On Wed, Sep 06, 2017 at 09:12:20AM +0800, Joseph Qi wrote:
> Hi Shaohua,
>
> On 17/9/6 05:02, Shaohua Li wrote:
> > On Thu, Aug 31, 2017 at 09:24:23AM +0200, Paolo VALENTE wrote:
> >>
> >>> Il giorno 15 gen 2017, alle ore 04:42, Shaohua Li <[email protected]> ha scritto:
> >>>
> >>> Hi,
> >>>
> >>> cgroup still lacks a good iocontroller. CFQ works well for hard disk, but not
> >>> much for SSD. This patch set try to add a conservative limit for blk-throttle.
> >>> It isn't a proportional scheduling, but can help prioritize cgroups. There are
> >>> several advantages we choose blk-throttle:
> >>> - blk-throttle resides early in the block stack. It works for both bio and
> >>> request based queues.
> >>> - blk-throttle is light weight in general. It still takes queue lock, but it's
> >>> not hard to implement a per-cpu cache and remove the lock contention.
> >>> - blk-throttle doesn't use 'idle disk' mechanism, which is used by CFQ/BFQ. The
> >>> mechanism is proved to harm performance for fast SSD.
> >>>
> >>> The patch set add a new io.low limit for blk-throttle. It's only for cgroup2.
> >>> The existing io.max is a hard limit throttling. cgroup with a max limit never
> >>> dispatch more IO than its max limit. While io.low is a best effort throttling.
> >>> cgroups with 'low' limit can run above their 'low' limit at appropriate time.
> >>> Specifically, if all cgroups reach their 'low' limit, all cgroups can run above
> >>> their 'low' limit. If any cgroup runs under its 'low' limit, all other cgroups
> >>> will run according to their 'low' limit. So the 'low' limit could act as two
> >>> roles, it allows cgroups using free bandwidth and it protects cgroups from
> >>> their 'low' limit.
> >>>
> >>> An example usage is we have a high prio cgroup with high 'low' limit and a low
> >>> prio cgroup with low 'low' limit.
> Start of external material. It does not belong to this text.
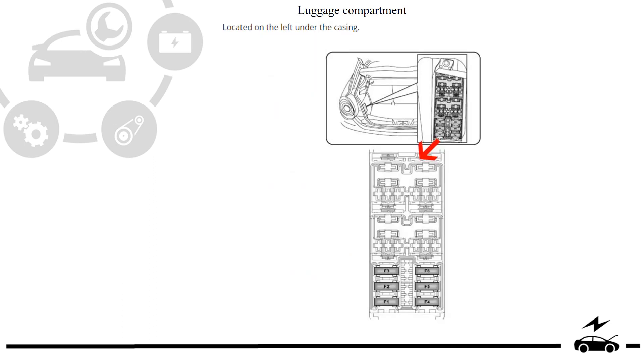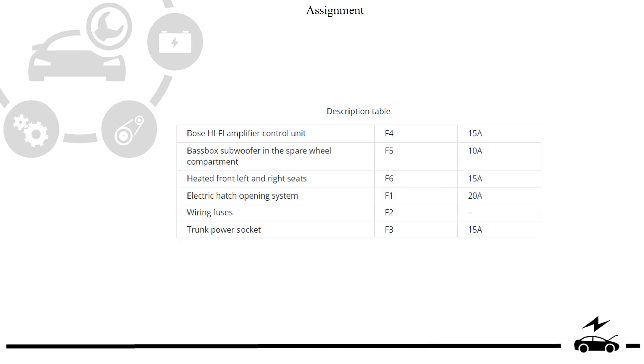Luggage compartment fuse box diagram and assignment.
If the high prio cgroup isn't running, the low
> >>> prio can run above its 'low' limit, so we don't waste the bandwidth. When the
> >>> high prio cgroup runs and is below its 'low' limit, low prio cgroup will run
> >>> under its 'low' limit. This will protect high prio cgroup to get more
> >>> resources.
> >>>
> >>
> >> Hi Shaohua,
> >
> > Hi,
> >
> > Sorry for the late response.
> >> I would like to ask you some questions, to make sure I fully
> >> understand how the 'low' limit and the idle-group detection work in
> >> your above scenario. Suppose that: the drive has a random-I/O peak
> >> rate of 100MB/s, the high prio group has a 'low' limit of 90 MB/s, and
> >> the low prio group has a 'low' limit of 10 MB/s. If
> >> - the high prio process happens to do, say, only 5 MB/s for a given
> >> long time
> >> - the low prio process constantly does greedy I/O
> >> - the idle-group detection is not being used
> >> then the low prio process is limited to 10 MB/s during all this time
> >> interval. And only 10% of the device bandwidth is utilized.
> >>
> >> To recover lost bandwidth through idle-group detection, we need to set
> >> a target IO latency for the high-prio group. The high prio group
> >> should happen to be below the threshold, and thus to be detected as
> >> idle, leaving the low prio group free too use all the bandwidth.
> >>
> >> Here are my questions:
> >> 1) Is all I wrote above correct?
> >
> > Yes
> >> 2) In particular, maybe there are other better mechanism to saturate
> >> the bandwidth in the above scenario?
> >
> > Assume it's the 4) below.
> >> If what I wrote above is correct:
> >> 3) Doesn't fluctuation occur? I mean: when the low prio group gets
> >> full bandwidth, the latency threshold of the high prio group may be
> >> overcome, causing the high prio group to not be considered idle any
> >> longer, and thus the low prio group to be limited again; this in turn
> >> will cause the threshold to not be overcome any longer, and so on.
> >
> > That's true. We try to mitigate the fluctuation by increasing the low prio
> > cgroup bandwidth graduately though.
> >
> >> 4) Is there a way to compute an appropriate target latency of the high
> >> prio group, if it is a generic group, for which the latency
> >> requirements of the processes it contains are only partially known or
> >> completely unknown? By appropriate target latency, I mean a target
> >> latency that enables the framework to fully utilize the device
> >> bandwidth while the high prio group is doing less I/O than its limit.
> >
> > Not sure how we can do this. The device max bandwidth varies based on request
> > size and read/write ratio. We don't know when the max bandwidth is reached.
> > Also I think we must consider a case that the workloads never use the full
> > bandwidth of a disk, which is pretty common for SSD (at least in our
> > environment).
> >
> I have a question on the base latency tracking.
> From my test on SSD, write latency is much lower than read when doing
> mixed read/write, but currently we only track read request and then use
> it's average as base latency. In other words, we don't distinguish read
> and write now. As a result, all write request's latency will always be
> considered as good. So I think we have to track read and write latency
> separately. Or am I missing something here?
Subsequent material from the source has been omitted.